Que dire enfin des erreurs et omissions des bureaux d’études basés il est vrai à Paris et à Rennes et qui n’ont sans doute travaillé que sur des données bibliographiques.
En exemple nous prendrons les Montagnes Noires ; nous lisons : « c’est là que se trouve le point culminant du Morbihan : 299 m au nord de Gourin, à la limite du Finistère. » C’était là en effet, c’était le Rocher de la Madeleine. Mais nous savons tous qu’il est passé depuis longtemps dans les concasseurs de l’exploitant de la carrière !
Quant au point culminant actuel, la calotte Saint Joseph située à Langonnet à 297 m, elle n’apparaît même pas sur cet atlas, pas plus que la commune.
Aussi, notre association, choquée par cette initiative antidémocratique, a décidé de vous adresser cette lettre ouverte ainsi qu’à Mr le préfet de Région, à Mr le préfet du Morbihan, à Mr le sous-préfet de Pontivy et aux maires des communes du plateau de Pontivy/Loudéac afin de dénoncer cet atlas.
Nous demandons que l'Atlas des paysages du Morbihan soit revu par des géographes compétents avec le concours des associations en dehors de tout objectif autre que celui de la connaissance des paysages.

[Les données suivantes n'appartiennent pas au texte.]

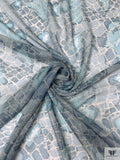 Mottled Python Printed Silk Chiffon - Dusty Blue / Dusty Seafoam / Grey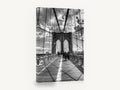 Brooklyn Bridge Walkway, brooklyn bridge black and white photograph, city canvas wall art print ready to hang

pour l'APB la présidente Anne Marie Robic
Copies à : Mr Le préfet de Région, Mr Le Président du Conseil Régional, Mr le préfet du Morbihan, Mr Le sous-préfet de Pontivy, Mesdames et Messieurs les maires des communes du plateau de Pontivy/Loudéac, à la presse
aux lecteurs: lisez-nous bien, notre sujet c'est la hiérachie des paysages telle qu'elle apparait dans l'atlas du Morbihan. Or, en lisant certaines réactions, nous sentons surgir une colère hors de propos.